Merke | Nach den strengen Vorgaben des Gesetzes und der Rechtsprechung muss die „begründete Einschätzung“ des Vertragsarztes die bestehenden Erkrankungen und bisher angewandte Behandlungskonzepte sowie das angestrebte Behandlungsziel benennen, die für die Abwägung der Anwendbarkeit verfügbarer Standardtherapien mit der Anwendung von Cannabis erforderlichen Tatsachen vollständig darlegen und eine Abwägung unter Einschluss möglicher schädlicher Wirkungen von Cannabis erkennen lassen. Nur wenn all diese Bestandteile lückenlos vom Vertragsarzt thematisiert werden, kann dessen Einschätzung gerichtlich noch auf völlige Unplausibilität geprüft werden (vgl. Urteil des BSG vom 20.03.2024, Az. B 1 KR 24/22 R). Dem Vertragsarzt steht insofern dann eine gerichtlich nur eingeschränkt überprüfbare Einschätzungsprärogative zu.

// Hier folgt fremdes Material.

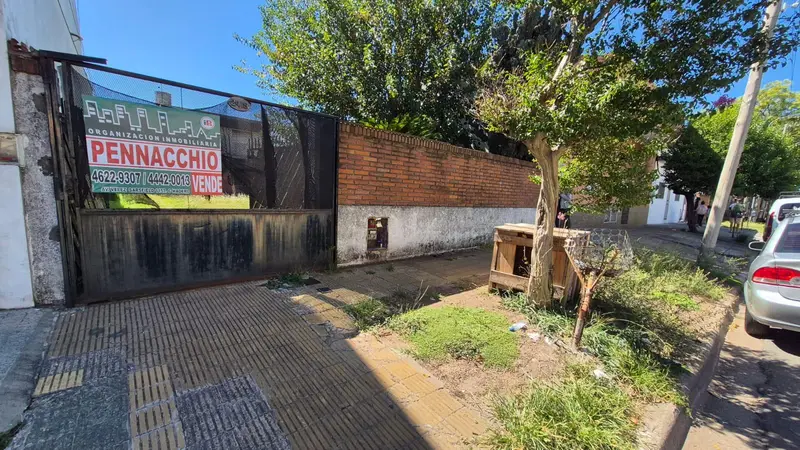 Casa en venta · Ramos Mejia, La Matanza, GBA Oeste, Provincia de Buenos Aires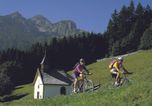 Mountainbike & Wellness Tage | II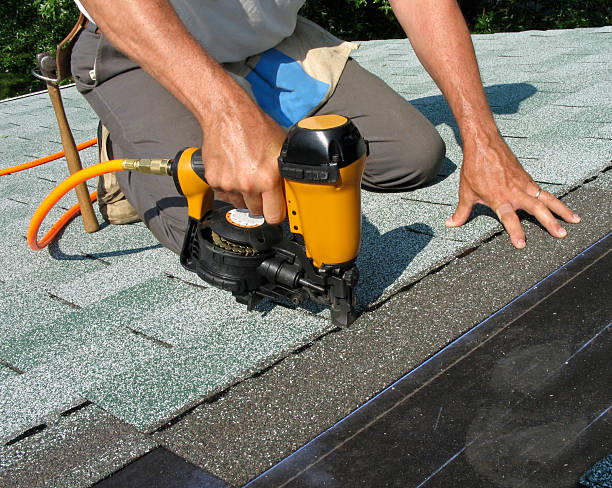 Best Residential Roof Replacement  in Hokendauqua, PA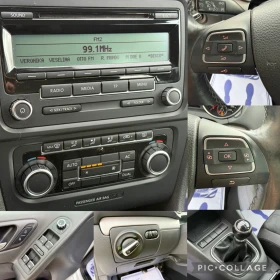 VW Golf 2.0TDI Klimatronik* EURO 5, снимка 17
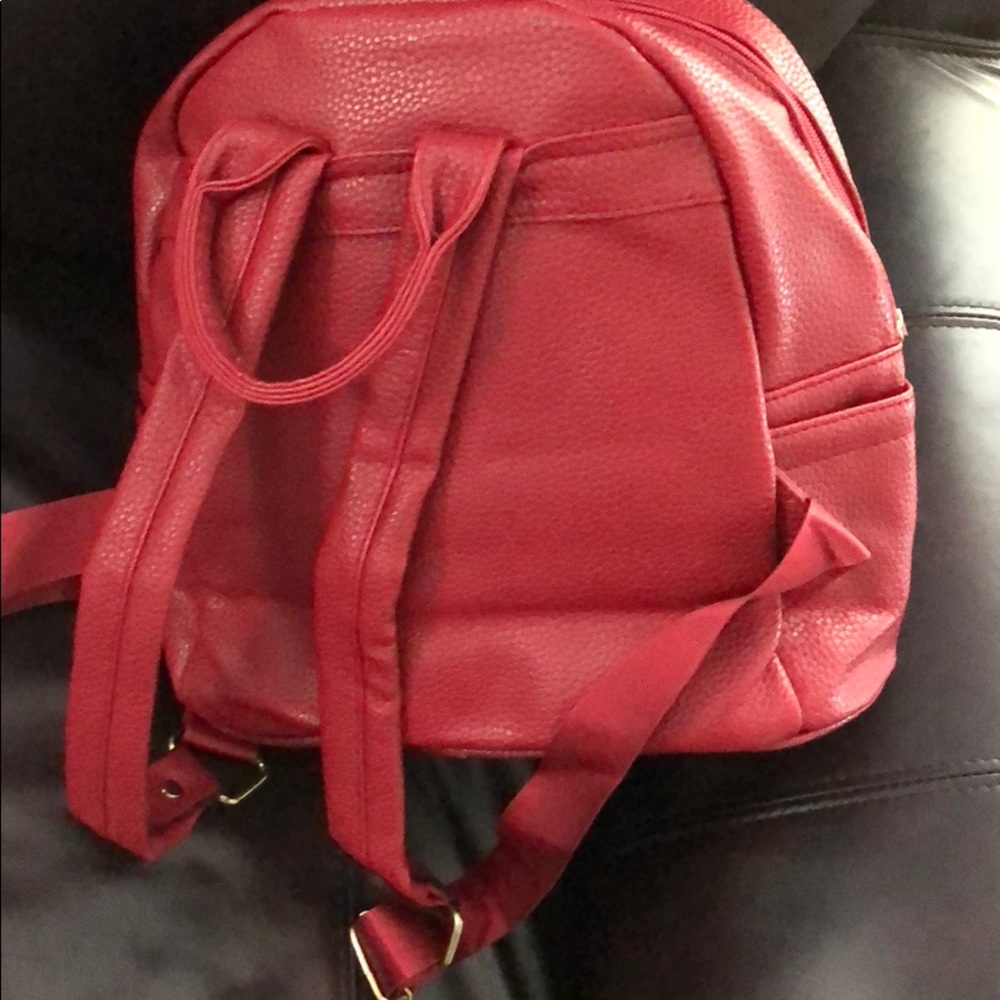 Designer Backpack - Picture 2 of 2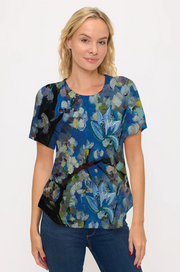 Et Lois - 1330 POPPY - BLUE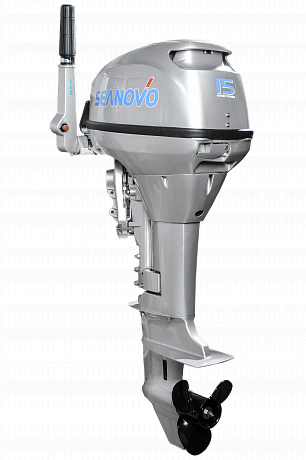 Лодочный мотор Seanovo SN15FHS в Сургуте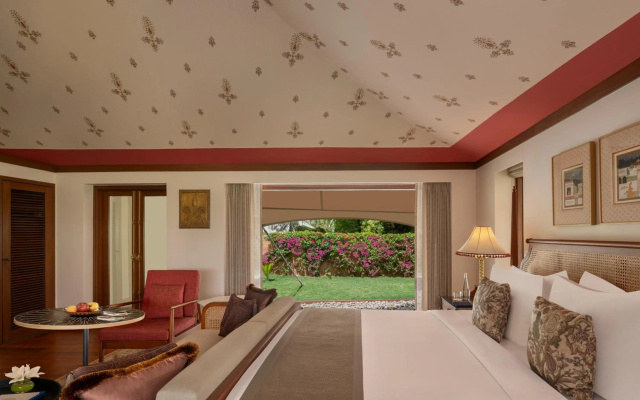 The Oberoi Rajvilas – Guest Rooms – Jaipur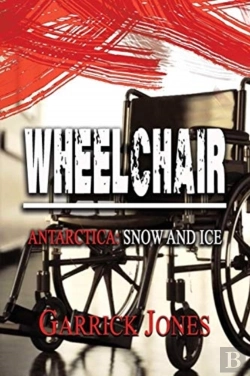 Bertrand.pt - Wheelchair: Antarctica. Snow And Ice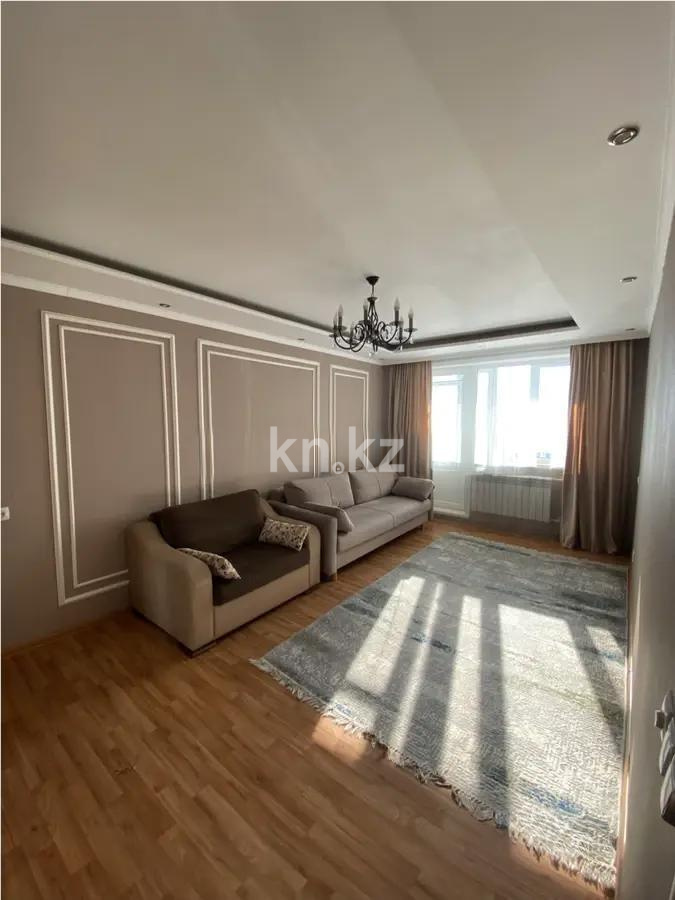 Продажа 1-комнатной квартиры, 31 м² в Караганде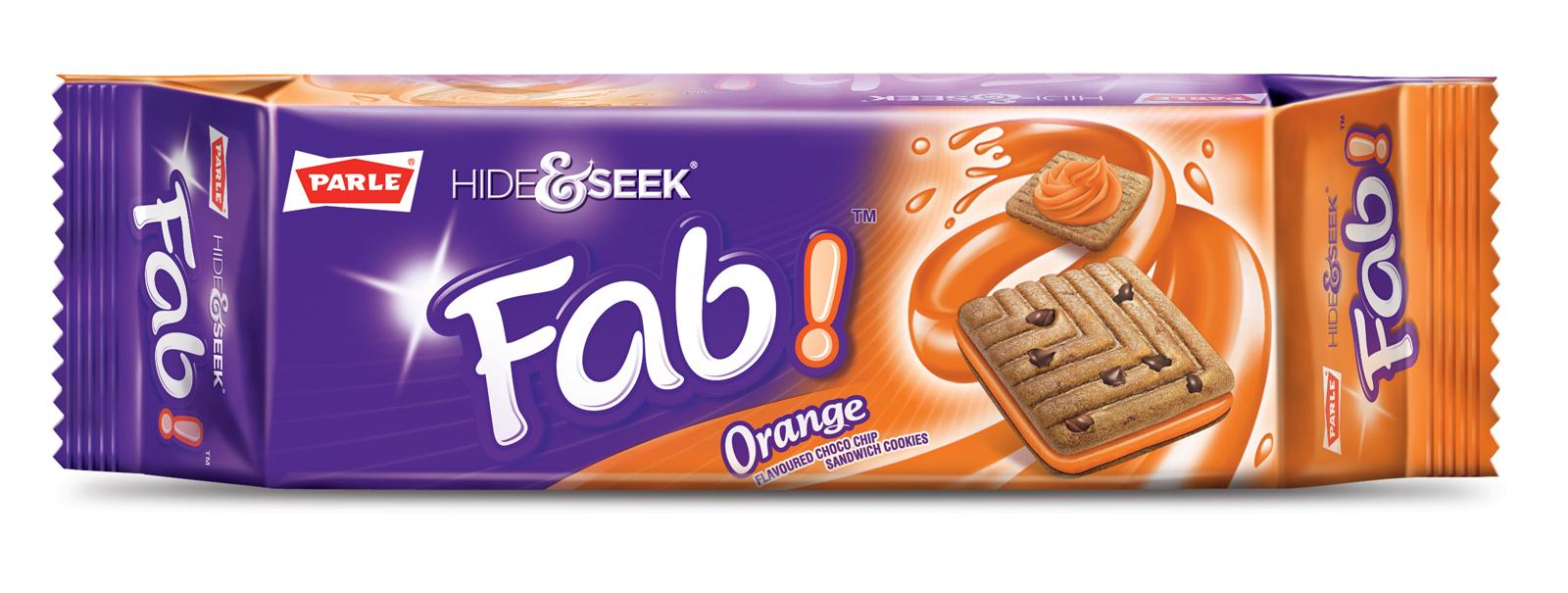Fab Orange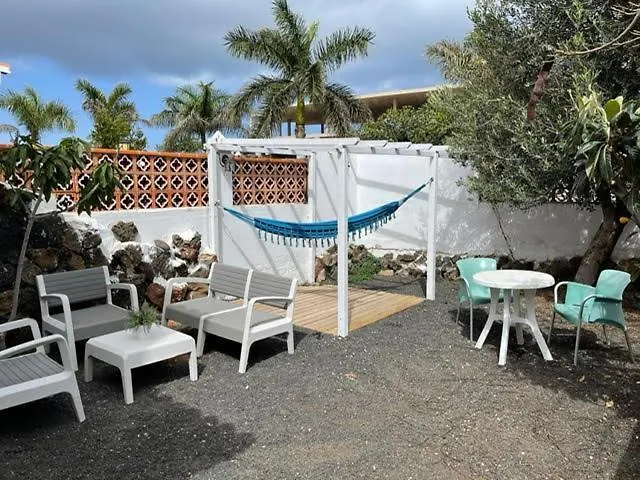 Apartment Dunas House Corralejo Spain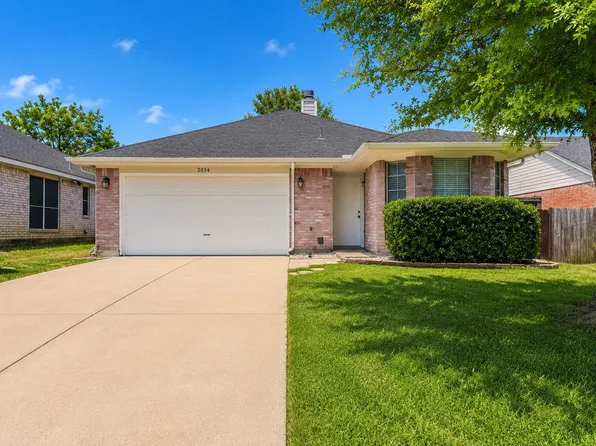 2054 Wild Creek Ct, Dallas, TX 75253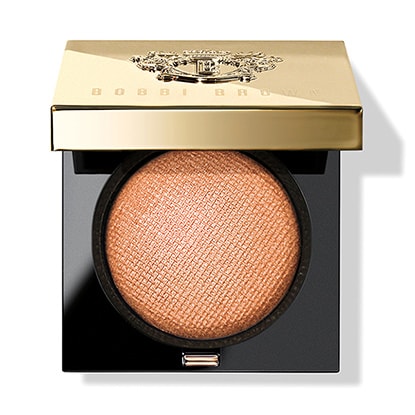 Bobbi Brown Luxe eye & Cheek Palette Incandescent Glow NIB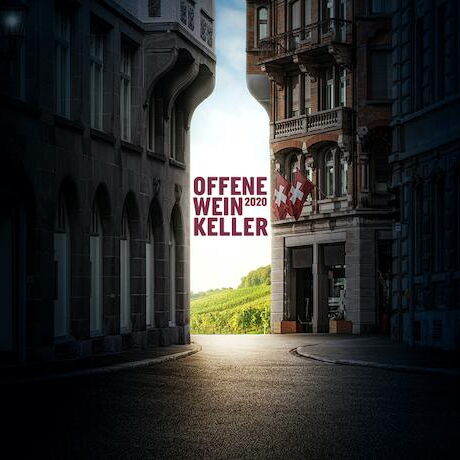 Tage des Schweizer Weins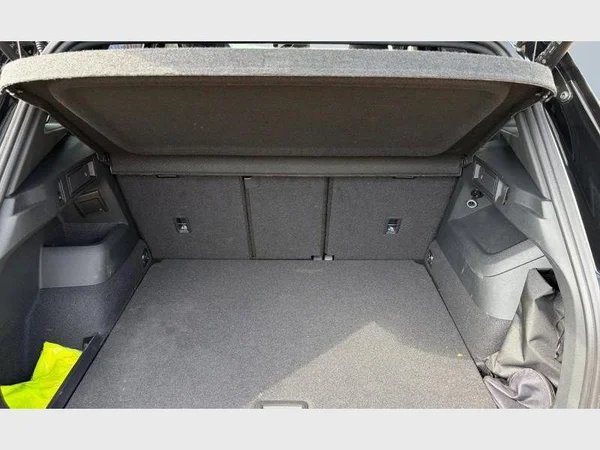 Volkswagen Tiguan (2026) — foto 24 van 27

Mit der Erfüllung des Merkmals der „nicht ganz entfernt liegenden Aussicht auf eine spürbare positive Einwirkung auf den Krankheitsverlauf oder auf schwerwiegende Symptome“ musste sich das LSG nach alledem nicht mehr auseinandersetzen. Das Gericht hat eine Revision nicht zugelassen. Das Urteil würde damit rechtskräftig, sofern keine Schritte in Form einer Beschwerde gegen diese Nichtzulassung der Revision unternommen werden sollten.

Fazit | Aus diesem Urteil des LSG Baden-Württemberg lassen sich vier zentrale Botschaften für die Verordnungspraxis von Medizinal-Cannabis „mitnehmen:

  • Der Anspruch auf Versorgung mit Cannabis folgt nach wie vor den strengen Voraussetzungen des SGB V, die nach der Rechtsprechung weder durch das Inkrafttreten des Cannabisgesetzes noch durch den Wegfall der Genehmigungspflicht für bestimmte Fachgruppen (z. B. Fachärzte für Allgemeinmedizin oder Innere Medizin) nach der Arzneimittel-Richtlinie gelockert worden sind.
  • Bei der Erstverordnung von Medizinal-Cannabis und bei gleichzeitig bestehenden Therapiealternativen sollten Hausärzte daher weiterhin auf die Dokumentation einer nach gesetzlichem Maßstab lückenlosen, medizinisch begründeten Einschätzung achten. Sind die danach erforderlichen Bestandteile vollständig adressiert, kann die Einschätzung des verordnenden Arztes gerichtlich nur noch auf völlige Unplausibilität überprüft werden.
  • Falls bei der Entscheidung über die Cannabis-Erstverordnung im Einzelfall auch nur geringste Zweifel verbleiben, sollte zur Absicherung auch weiterhin unbedingt die Vorabgenehmigung der Krankenkasse (freiwillig) eingeholt werden, um Regressen – etwa im Rahmen einer Wirtschaftlichkeitsprüfung – bestmöglich vorzubeugen.
  • Doch Achtung: Eine abschließende Prüfung auf wirtschaftliche Verordnungsweise erfolgt im Rahmen des (freiwilligen) Genehmigungsverfahrens regelmäßig wohl nicht, sodass auch eine etwaige Genehmigung der Krankenkasse keine umfassende Rechtssicherheit im Hinblick auf die Einhaltung des Wirtschaftlichkeitsgebots bei der Verordnungsentscheidung vermittelt.